To be target oriented, I tell people to "see target, hit target." It's like what I learned of Zen archery as a kid, that the archer, the bow and arrow, the target, all are one. Do not separate them; they are all part of the same experience. When I throw a punch, I don't think of how I do it, I simply connect the feeling in my body to the thought in my head. In my mind, the punch is already accomplished as soon as I perceive the opening to use it, and all I do is connect inner and outer experience.

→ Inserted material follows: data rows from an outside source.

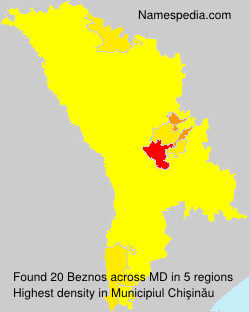 Surname Beznos in Moldova Surname Beznos in Moldova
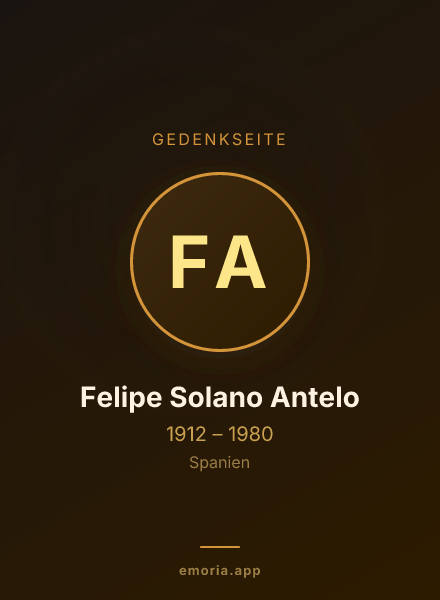 Gedenkportrait von Felipe Solano Antelo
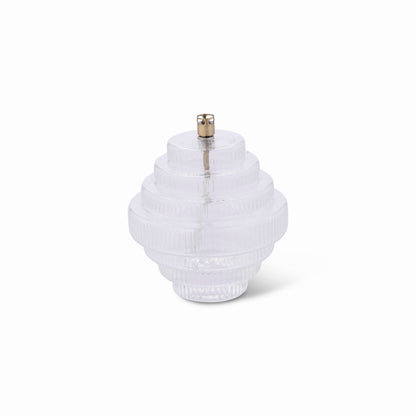 Lampe à huile - Twin Clear Brass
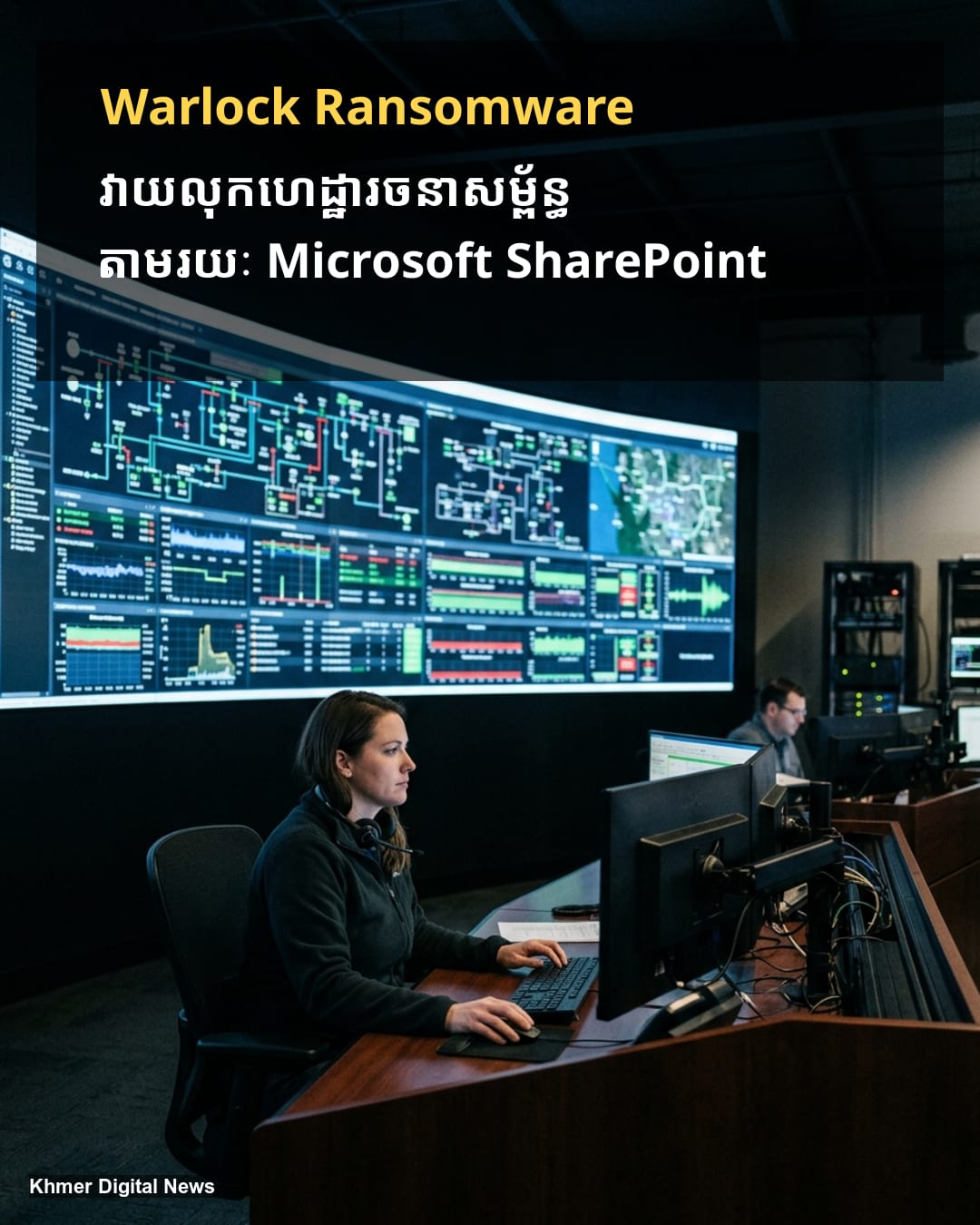 ក្រុម Ransomware 'Warlock' វាយប្រហារហេដ្ឋារចនាសម្ព័ន្ធសំខាន់ៗតាមរយៈ SharePoint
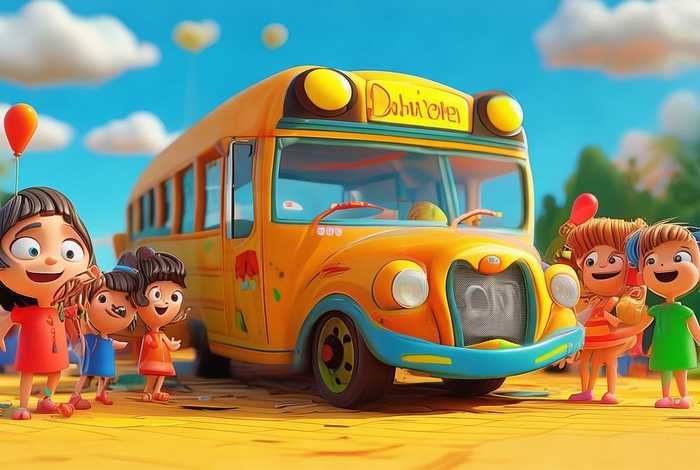 大客车的儿童故事、大客车的故事幼儿故事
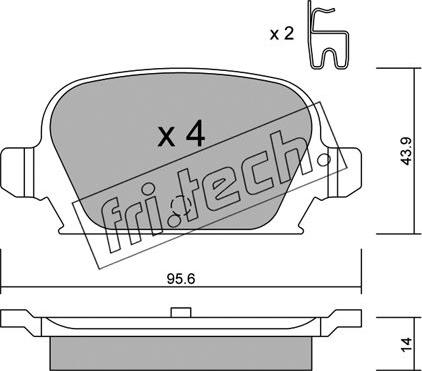 Fri.Tech. 557.0 - Brake Pad Set, disc brake www.parts5.com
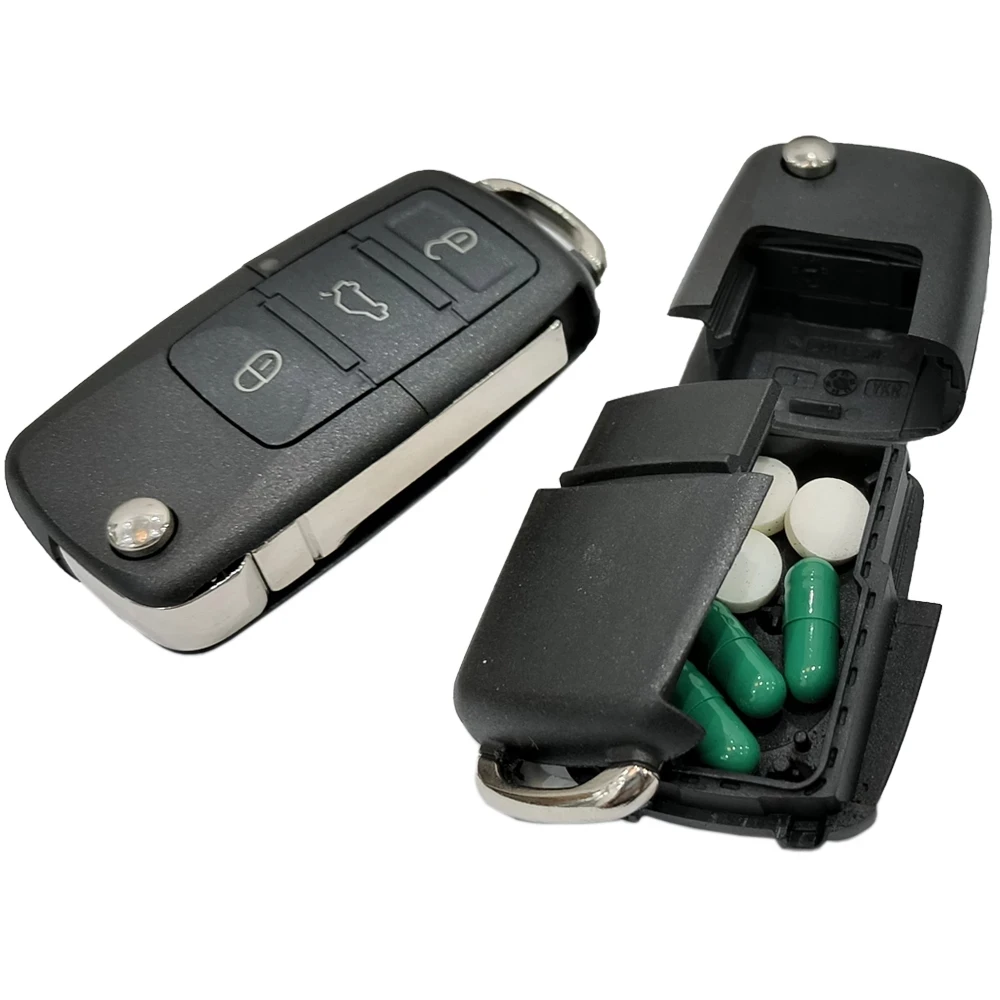 Fake Car Key Safe Hidden Secret Compartment Stash Box Discreet Decoy Car  Key Fob to Hide and Store Money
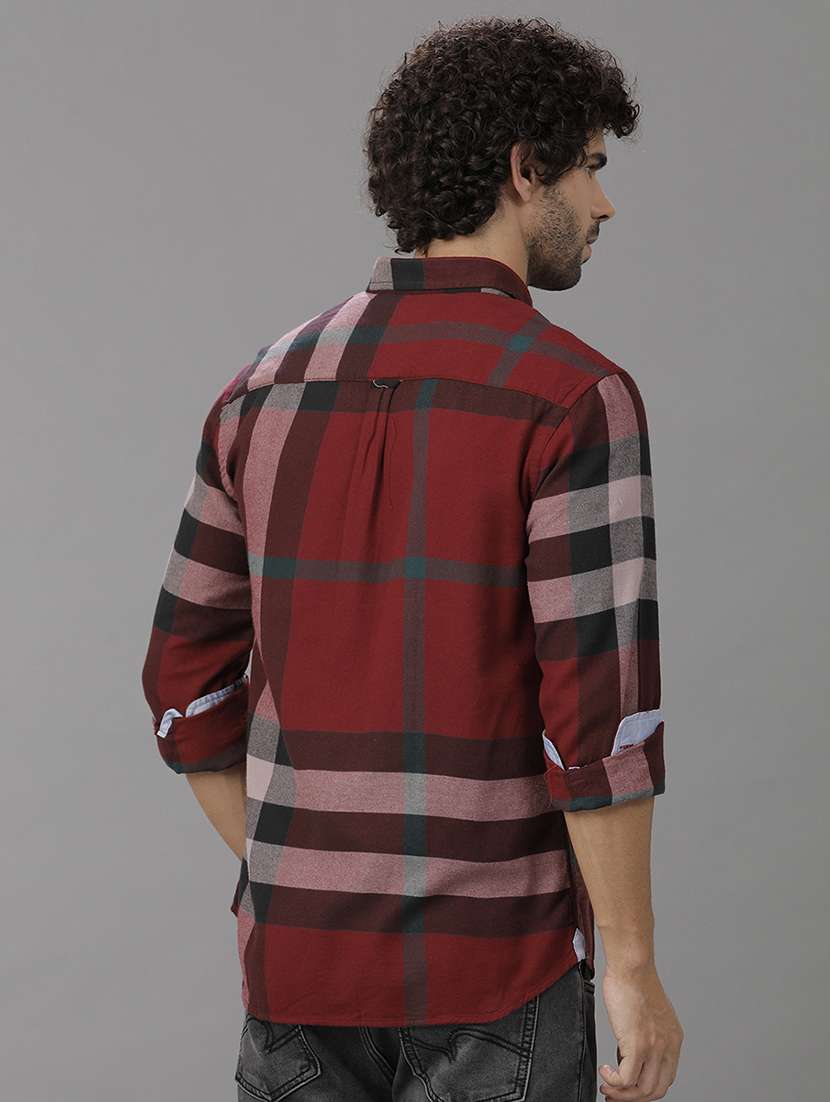 men checkered long sleeve casual shirt - 21668607 -  Standard Image - 2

Like I said, it takes time and experience to change one's feeling about these things. Years ago I met Jim Mather, who was famous for catching arrows, a stunt he performed several times on TV (David Letterman Show, That's Incredible). He had been a USA National Karate Team coach (recognized by the Olympic committee) and he stresses repetition. He said it takes roughly 100 reps to learn something, 1,000 reps to do it decently, 100,000 reps to do it at a black belt level, and 400,000+ reps to become world class. Now these numbers sound daunting, but if you were to do 1,000 repetitions of a move a day (not a lot when you break it down in smaller bites, say 10 sets of 100) you could have a world-class move in a year or so! Of course, that takes real commitment, but consider the old Chinese saying "Three years for a small success, ten years for a great success." Kung-fu means success through work over time; no overnight wonders here. This is why I'm encouraged when students say they are slow learners, or how hard they have to work at something. That usually tells me they'll get it. Those who blow in with a world of talent usually get bored because it's too easy and they leave too soon. Easy come, easy go. The ones who struggle to learn will value what they get, and those are the ones who become the next generation of masters.